#### [What the exercise asks]
What you write must match, character for character, the lines from the one with "Vuori Pique Fleece Track Jacket" down to the one with "Diamond Ring 0.55 ct. 14K Yellow Gold" in the listing below, minus its pictures.

━━━━━ Data for this exercise

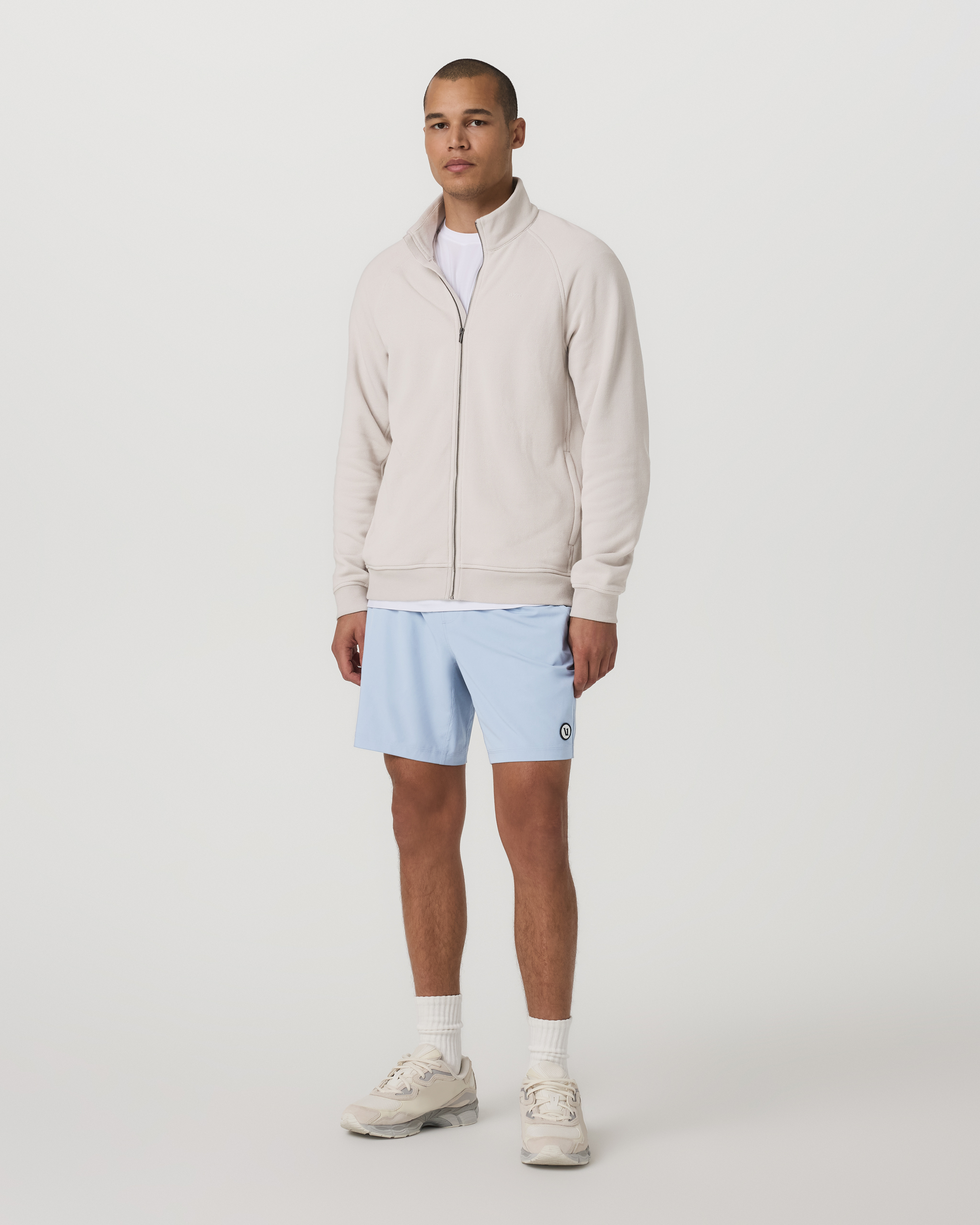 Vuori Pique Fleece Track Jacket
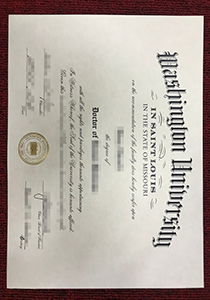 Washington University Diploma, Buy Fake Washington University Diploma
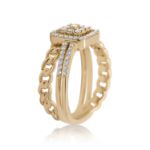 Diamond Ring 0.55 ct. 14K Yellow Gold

━━━━━━━━━━
━━━━━ Data for this exercise

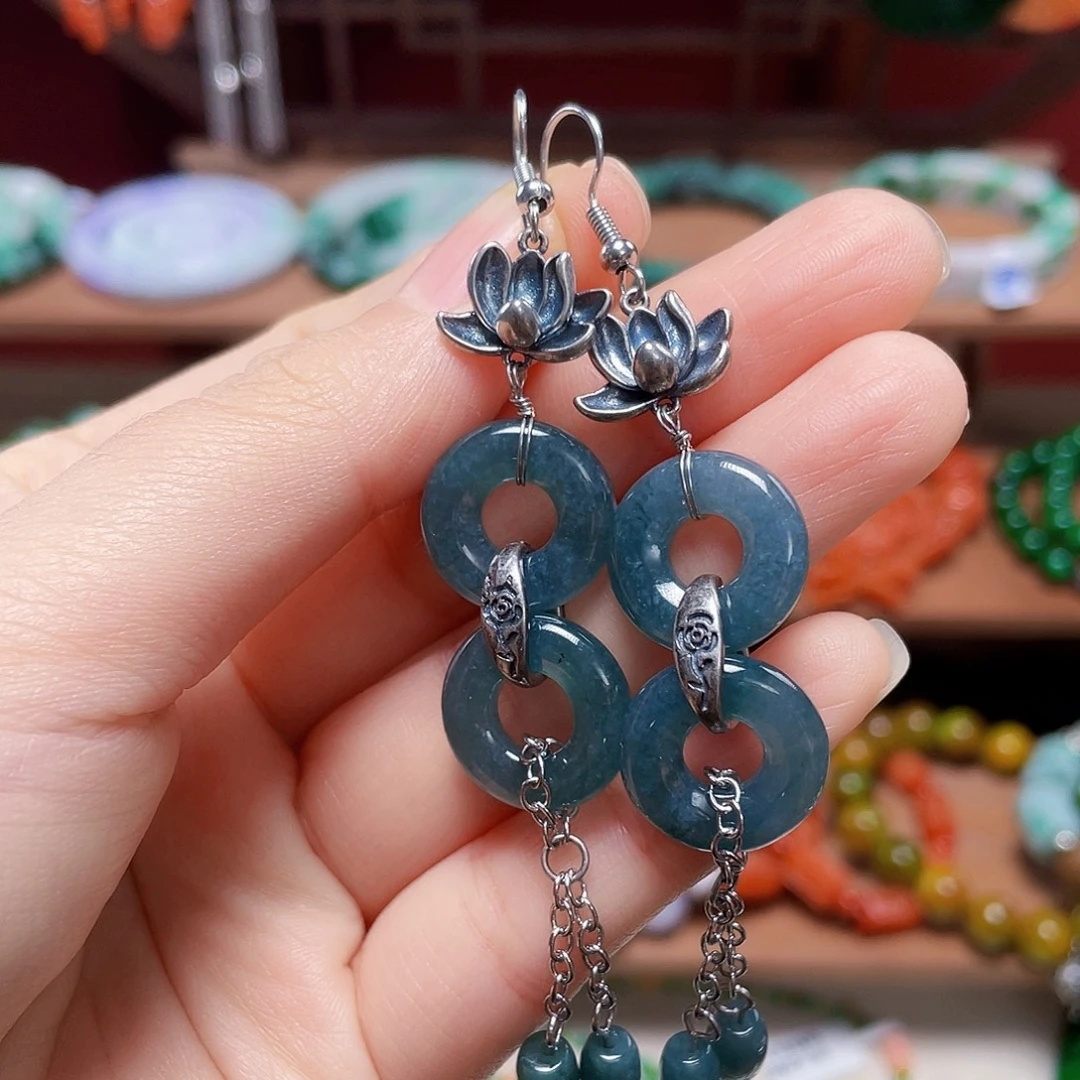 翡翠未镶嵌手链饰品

━━━━━━━━━━
━━━━━ Data for this exercise

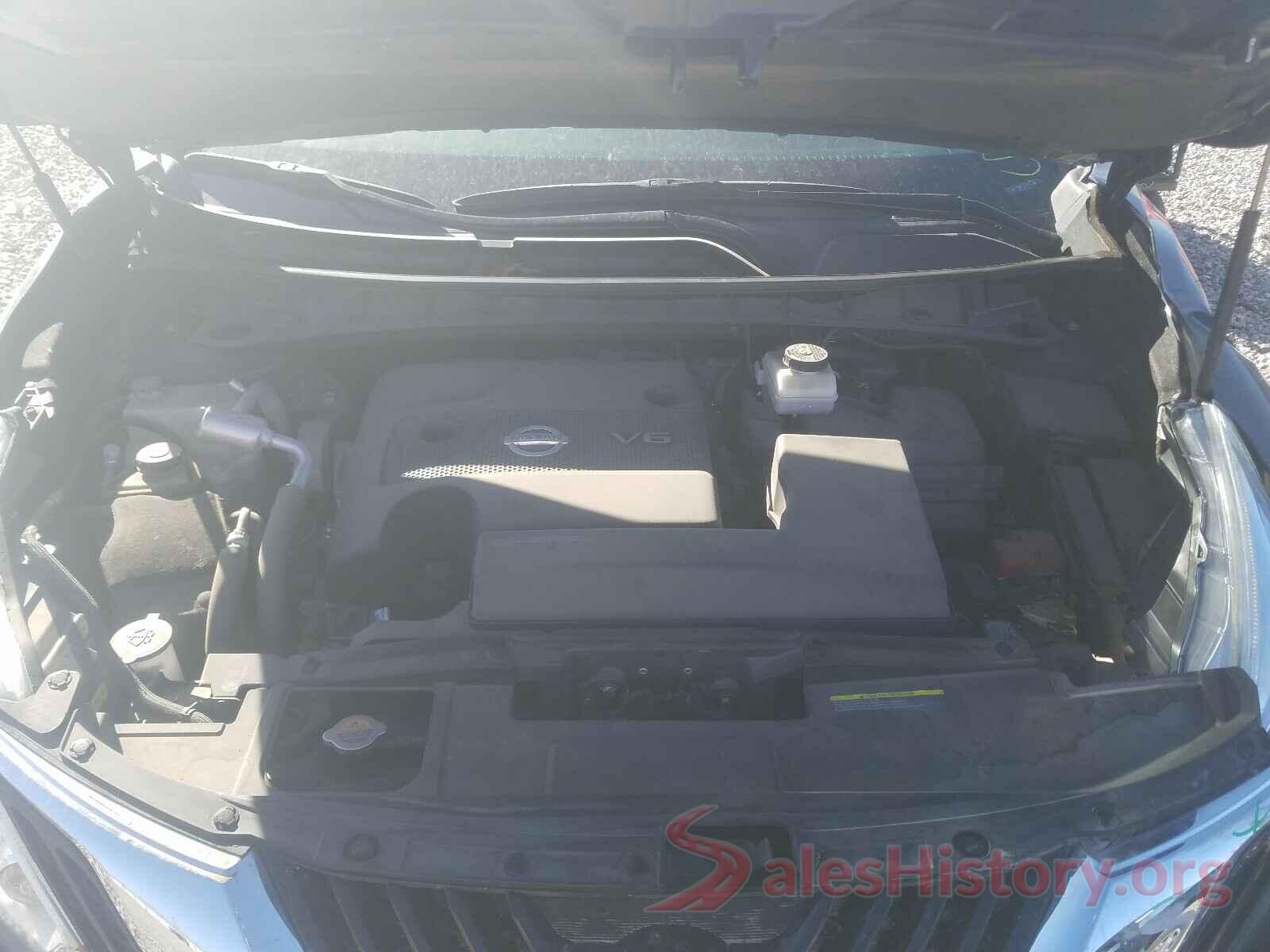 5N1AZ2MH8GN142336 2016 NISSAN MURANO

━━━━━━━━━━

#### [Response box]
 Vuori Pique Fleece Track Jacket
 Washington University Diploma, Buy Fake Washington University Diploma
 Diamond Ring 0.55 ct. 14K Yellow Gold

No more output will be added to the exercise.